On Aug. 4, the Remembrance Day for Serbs killed and exiled during Operation Storm, Serbian President Aleksandar Vucic said that the convoys of tractors, refuge seeking, murders on the Petrovac Road (Petrovacka cesta), and “someone’s clear intention not to have any Serbs left in Croatia” had all become part of the Serbian identity.
“Croatia celebrates this day as its Victory and Homeland Thanksgiving Day. Victory over whom? Over good and humble people, honest householders and farmers,” Vucic said in the evening on Aug. 4 during the commemoration service held in Busije, near Belgrade.
He added that in today’s Serbia new politics and generations had come to force, “young people who wish to proudly and with their heads held high” talk about the crimes their nation had suffered, while also acknowledging the crimes committed by the Serbs.
Serbian Patriarch Porfirije, who was also present at the manifestation, told the attendees that the victims should be mourned but not used to “deepen the [downward] spiral of conflict.”

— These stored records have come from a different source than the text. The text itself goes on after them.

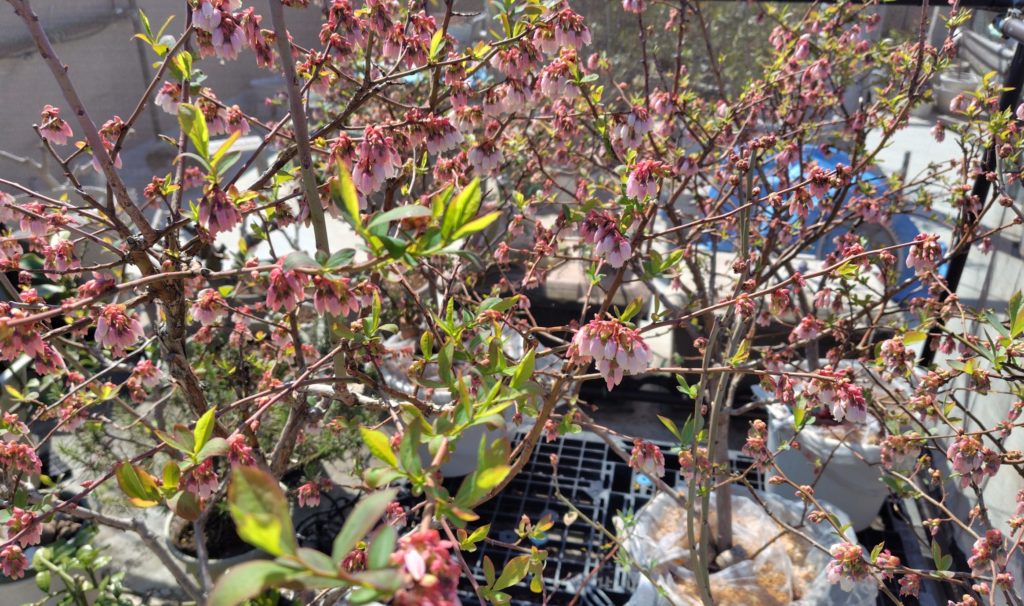 果樹の花の様子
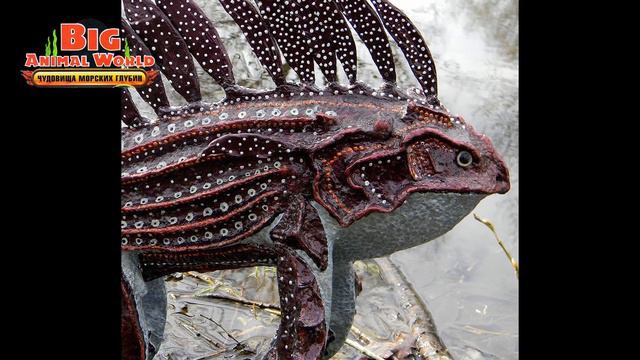 BIG ANIMAL WORLD ЧУДОВИЩА МОРСКИХ ГЛУБИН ДУНКЛЕОСТЕЙ игрушки как ДЕАГОСТИНИ DEAGOSTINI распаковка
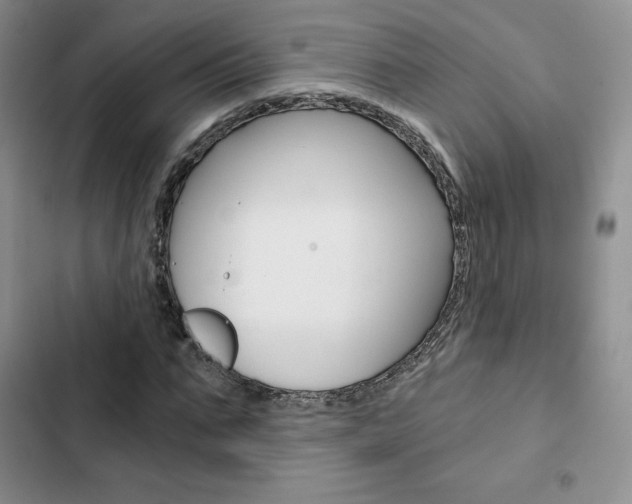 X0000103160871200808221149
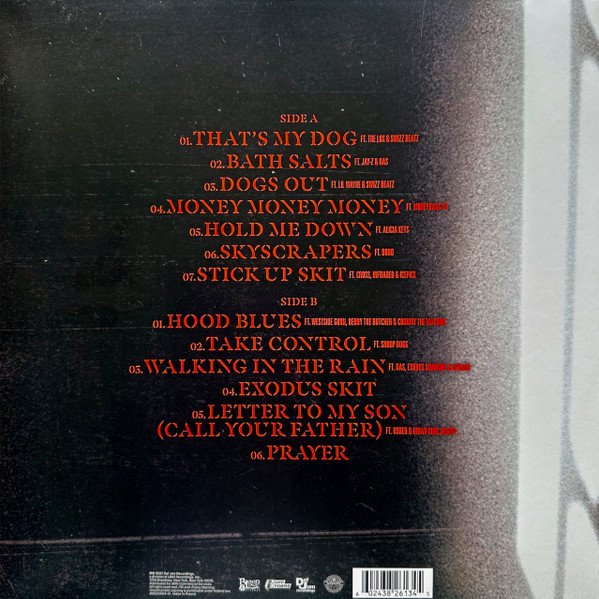 dmx2.jpg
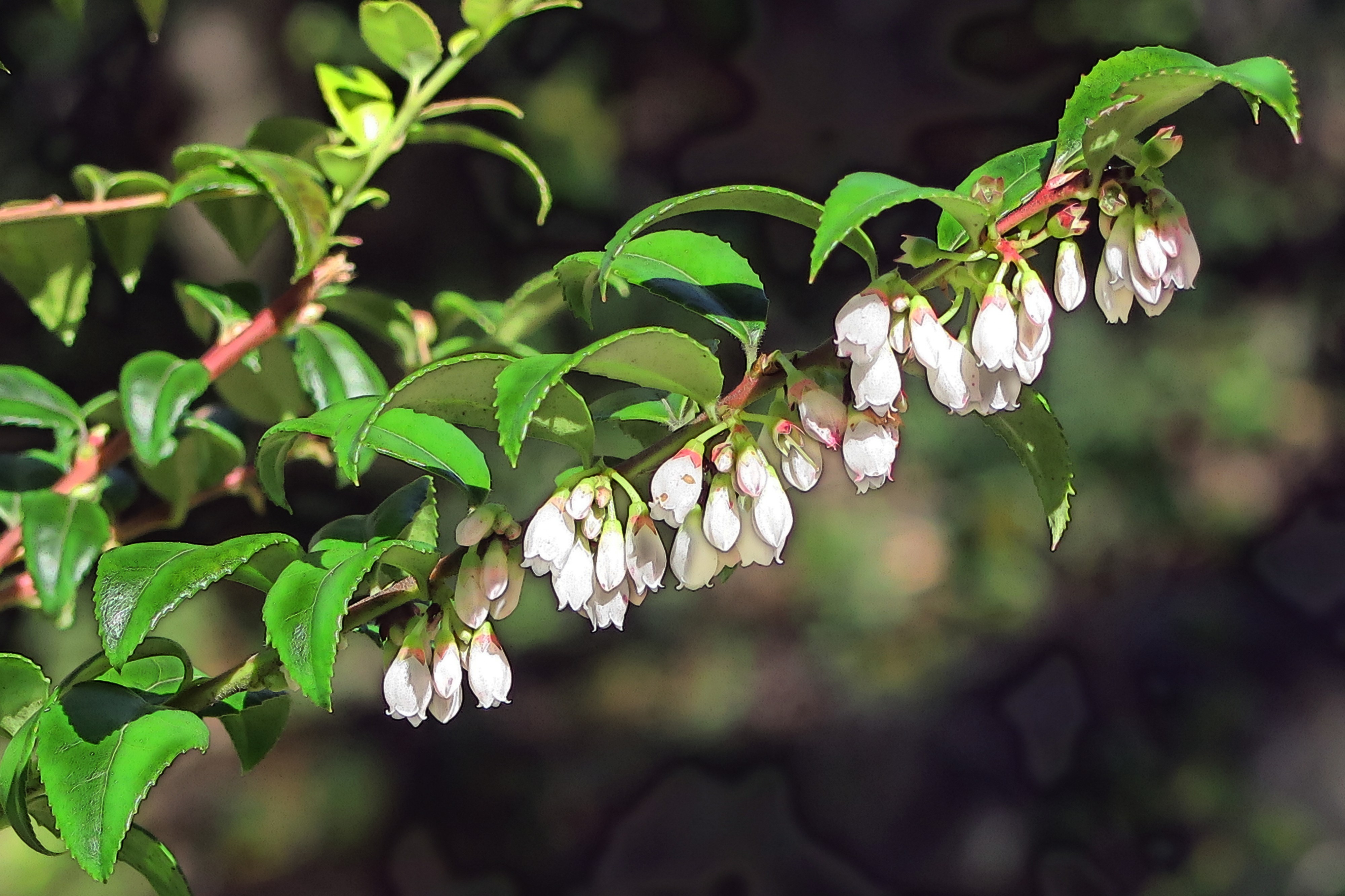 J20161219-0027—Vaccinium ovatum—RPBG (31379669350)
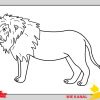Löwe Zeichnen 4 Schritt Für Schritt Für Anfänger &amp; Kinder - Zeichnen bestimmt für Kinder Bilder Löwe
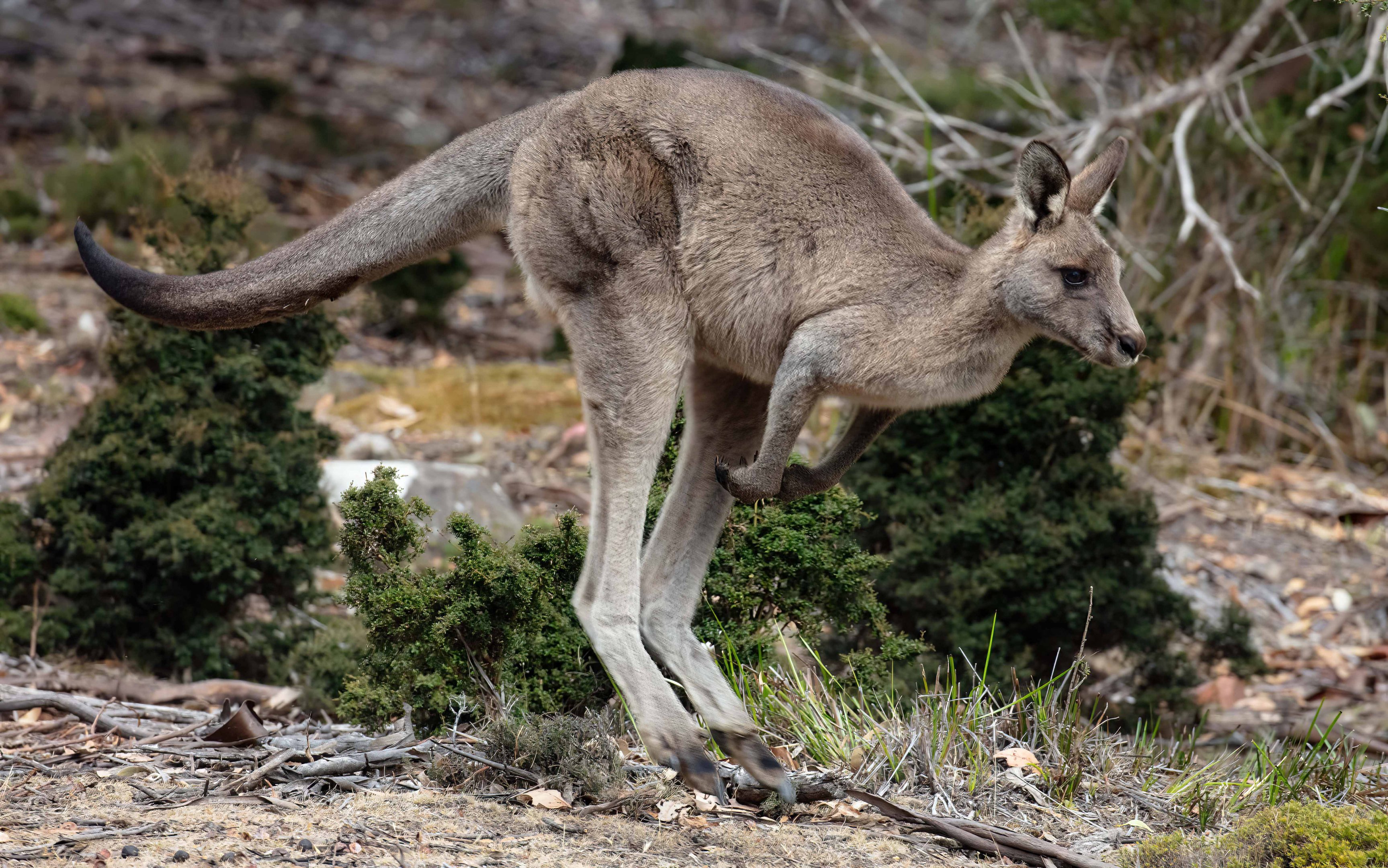 Eastern Grey Kangaroo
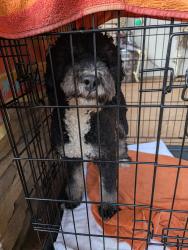 Found/Stray Male Dog last seen Found running on Sloan, Sunrise Manor, NV 89142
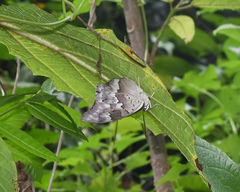 Archaeoprepona demophoon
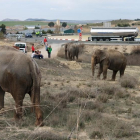 Els animals han qeudat lliure per la zona després de l'accident.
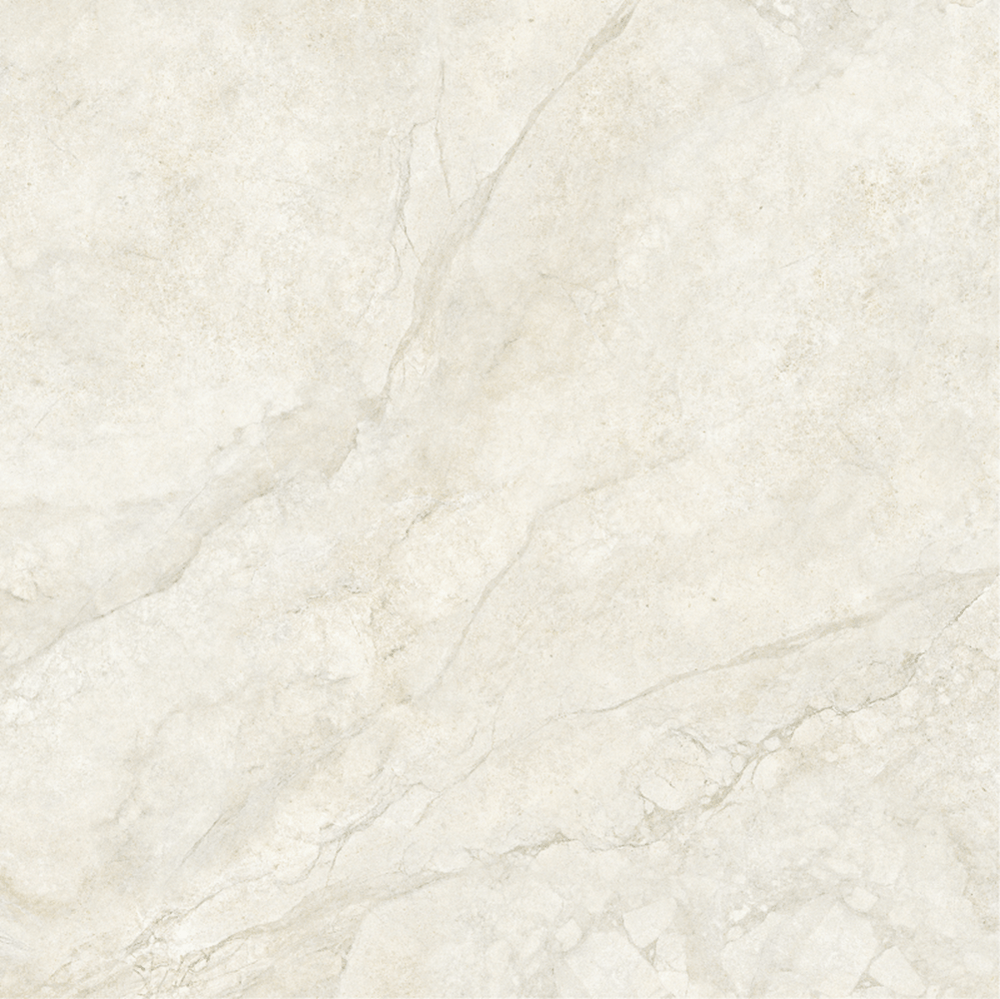 VL Tile T/LSNAM6060 Entiva Lake Stone Natural Matt P4 600*600mm REC.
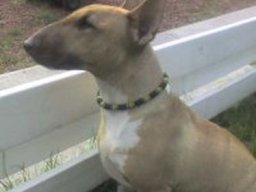 lilou_20211129_1775831483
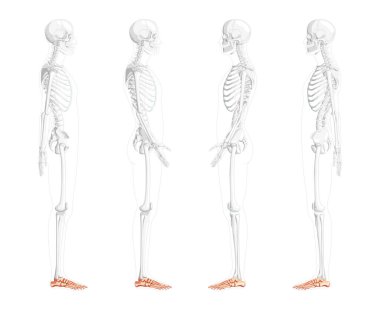 İskelet Ayak Ayak Ayak Ayak Kemikleri Yarı şeffaf kemik pozisyonu ile insan yan görüntüsü. Anatomik olarak doğru 3B kümesi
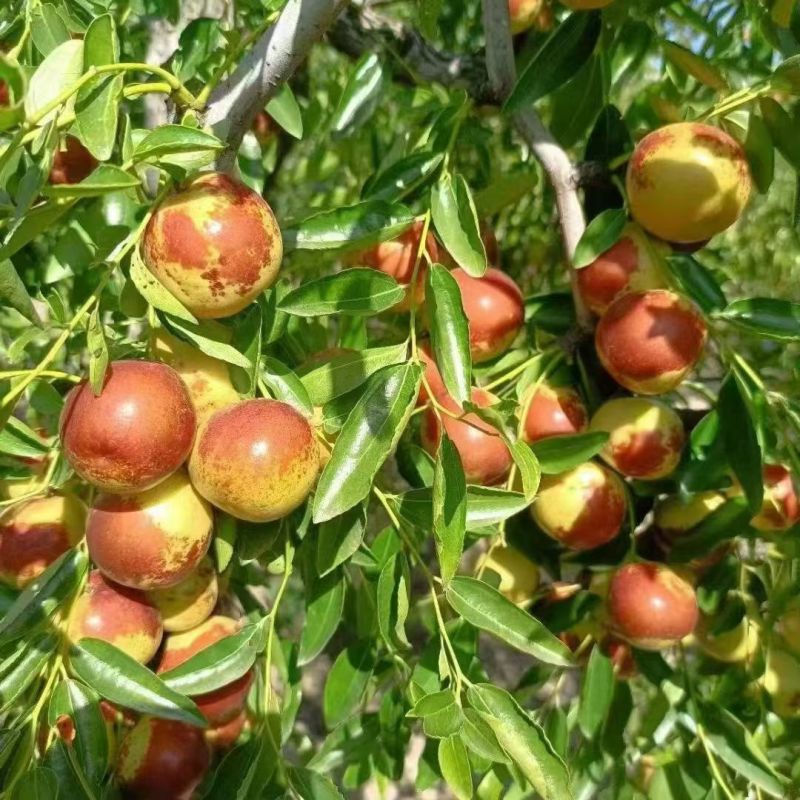 河北黃驊冬棗 雨前珍品，質(zhì)優(yōu)價美，批發(fā)首選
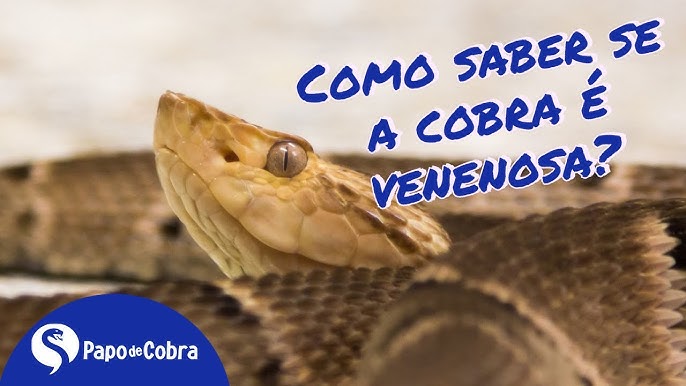 Foto de Cobra Azul Insularis e mais fotos de stock de Cobra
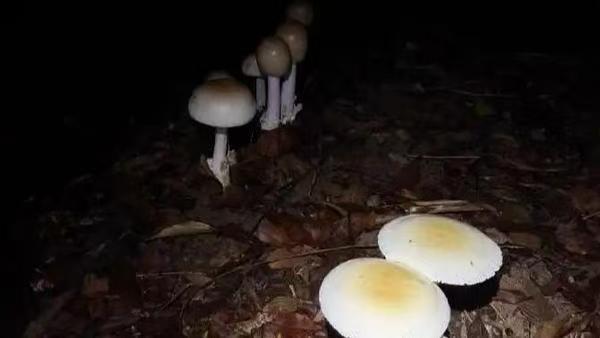 AI识菌风波引关注!抖音高管回应蘑菇误食事件:图片辨菇不靠谱,野生菌类切勿凭AI定论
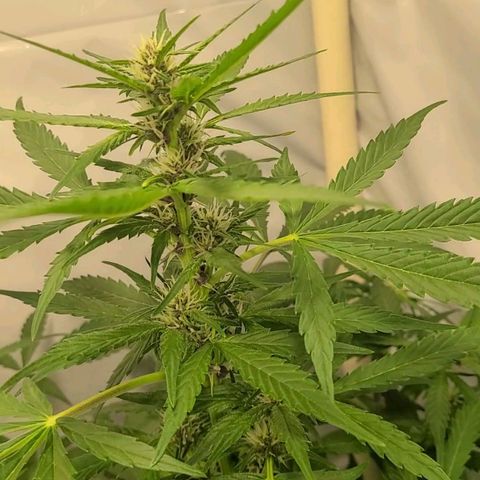 Double xl forbidden runtz auto growlog timeline photo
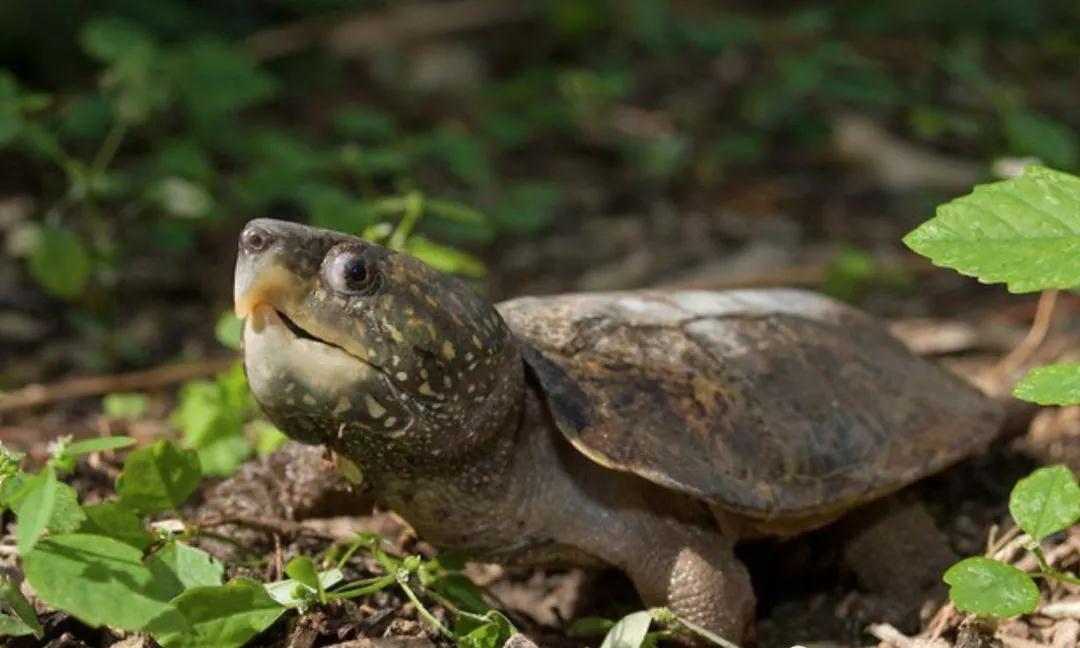 我滴个龟龟,我滴龟龟什么意思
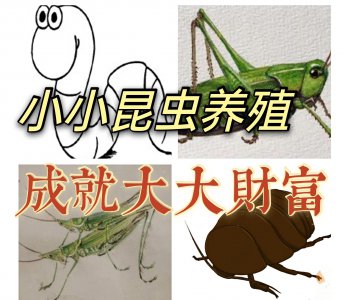 农村冷门暴利养殖业有哪些 农村什么养殖业冷利润高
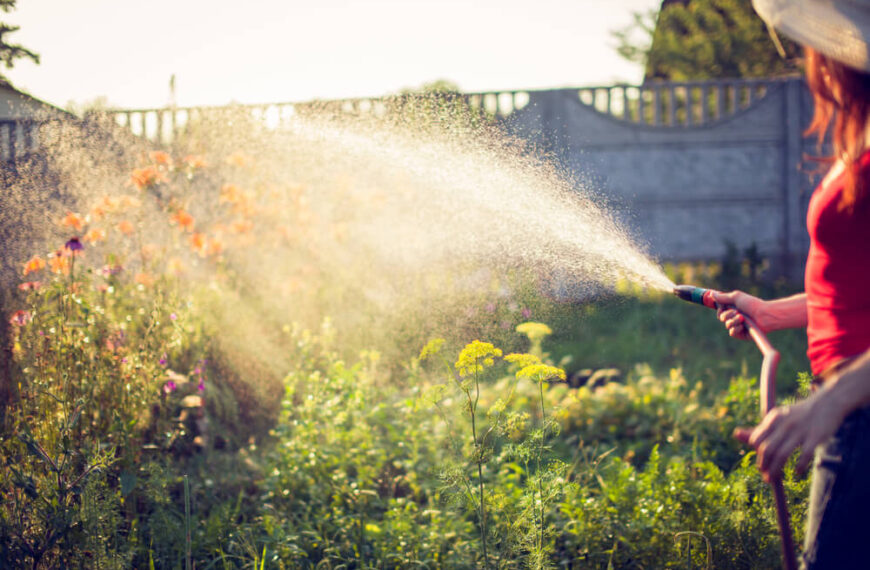 Rozpylacze deflektorowe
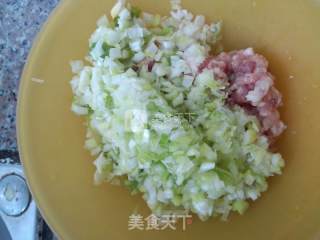 锅贴的做法步骤：2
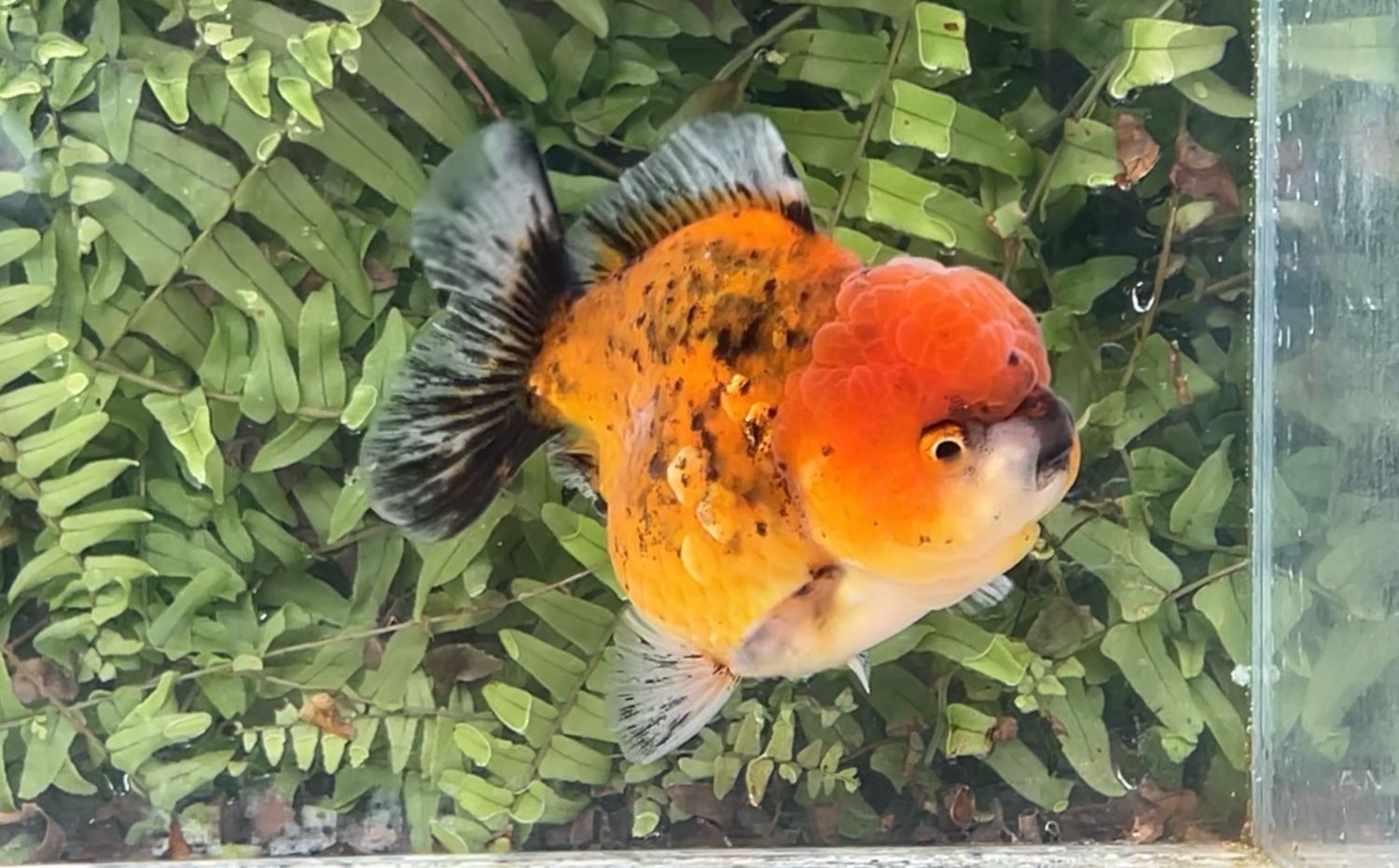 Autumn Leaves Shogun Oranda (4”)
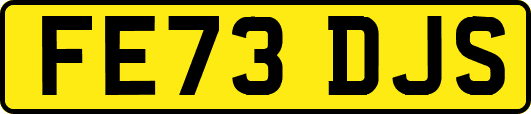 FE73DJS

Croatia launched Operation Storm on Aug. 4 1995 with an attack on what was then the Republic of Serbian Krajina. Somewhere between 200,000 and 250,000 Serbs fled before the Croatian forces, while around 2,000 people were killed or went missing. Operation Storm is seen in the Serbian public as one of the greatest ethnic cleansing campaigns in Europe since World War Two.